Supporting Cellular Mechanisms
The protective effect of DHEA is due, among other things, to the activation of endothelial nitric oxide, which is involved as a messenger substance in vascular processes such as the regulation of blood pressure and the dilation of blood vessels. Studies have even shown that maintaining healthy physiological levels of pregnenolone, and thus also DHEA, can reduce the risk of vascular heart disease by half.
Steroid Hormones Support Heart Health
Furthermore, studies have shown that steroid hormones such as aldosterone also support cardiovascular health by maintaining healthy blood pressure and adequate water and salt balance. However, care should be taken to avoid overproduction, which can lead to hypertension. Cortisol also plays a role in blood pressure and also affects water and electrolyte balance.

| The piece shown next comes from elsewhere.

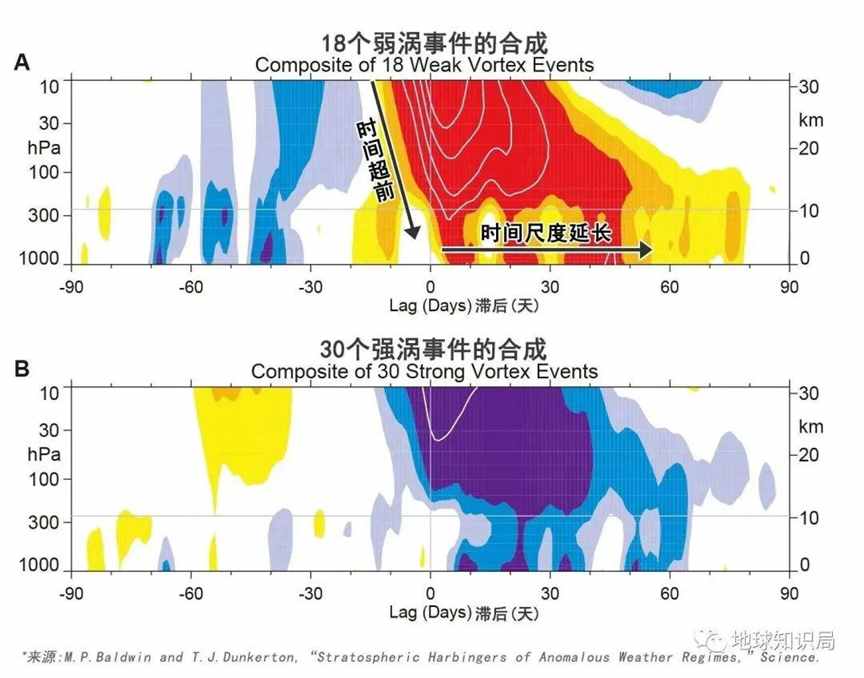 地球上空，传来一个坏消息 | 地球知识局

Medical Studies on Pregnenolone – Cardiovascular System
Relationship of dehydroepiandrosterone sulfate levels with atherosclerosis in patients with subclinical hypothyroidism
Subclinical hypothyroidism is related with increased risk of cardiovascular diseases. The decreased levels of dehydroepiandrosterone sulphate (DHEA-S) are associated with hyperlipidemia, atherosclerosis and obesity. The lower levels of DHEA‑S might be an important factor in development of atherosclerosis in subclinical hypothyroidism.
Plasma dehydroepiandrosterone sulfate and cardiovascular disease risk in older men and women
Lower dehydroepiandrosterone-sulfate (DHEA-S) levels have been inconsistently associated with coronary heart disease (CHD) and mortality. Data are limited for heart failure (HF) and association between DHEA-S change and events.

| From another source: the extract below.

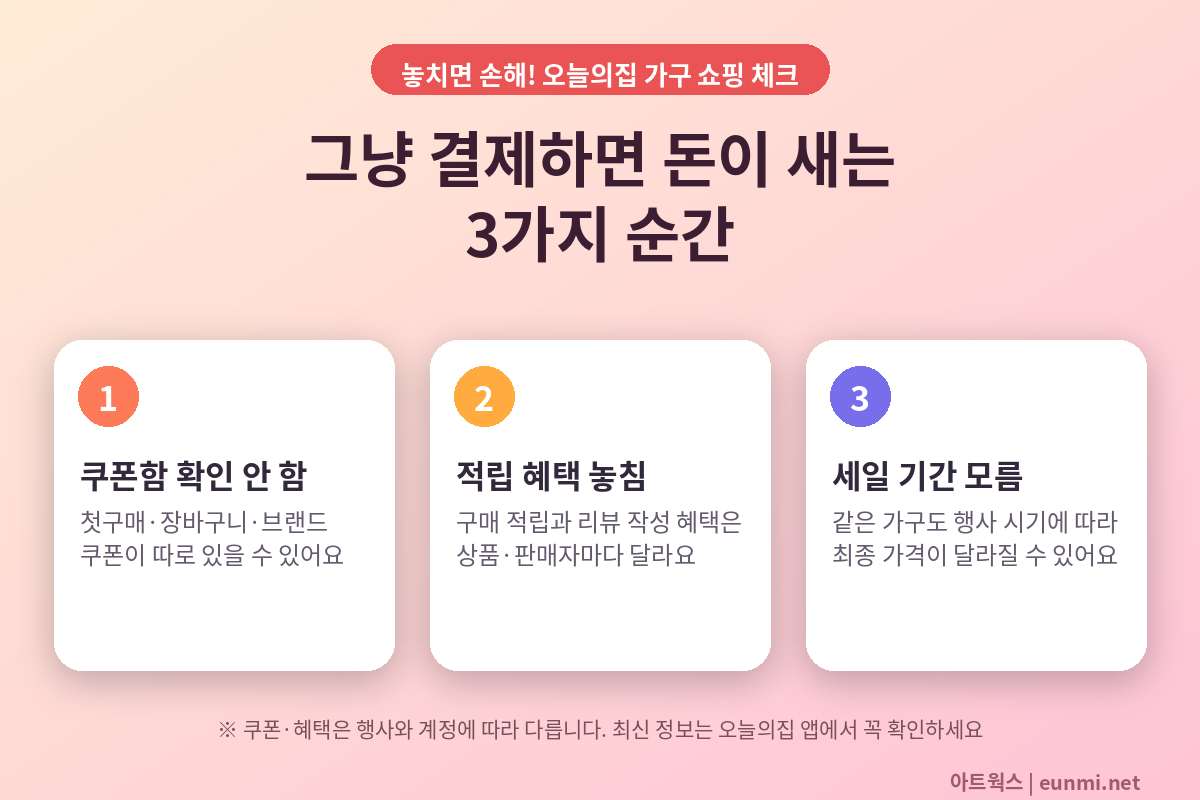 오늘의집 가구 결제 전 놓치기 쉬운 3가지 순간 인포그래픽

Sex hormones and incident heart failure in men and postmenopausal women: The Atherosclerosis Risk in Communities Study
Sex differences exist in heart failure (HF) phenotypes, but there is limited research on the role of sex hormones in HF and its subtypes.
Dehydroepiandrosterone on metabolism and the cardiovascular system in the postmenopausal period
Dehydroepiandrosterone (DHEA), mostly present as its sulfated ester (DHEA-S), is an anabolic hormone that naturally declines with age. Furthermore, it is the most abundant androgen and estrogen precursor in humans.

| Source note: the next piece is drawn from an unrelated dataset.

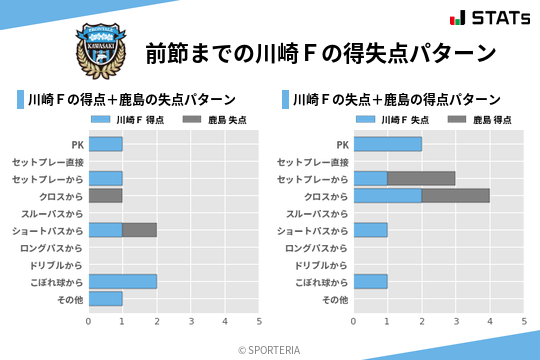 得失点パターン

Sexual dimorphism following in vitro ischemia in the response to neurosteroids and mechanisms of injury
Cerebral ischemic stroke is a significant cause of morbidity and mortality. Sex differences exist following stroke in terms of incidence, symptoms, outcomes and response to some treatments. Importantly, molecular mechanisms of injury, activated following ischemia may differ between the sexes and if so may account, at least in part, for sex differences seen in treatment response.
The role of miRNAs in regulating adrenal and gonadal steroidogenesis
miRNAs are endogenous noncoding single-stranded small RNAs of ~22 nucleotides in length that post-transcriptionally repress the expression of their various target genes. They contribute to the regulation of a variety of physiologic processes including embryonic development, differentiation and proliferation, apoptosis, metabolism, hemostasis and inflammation.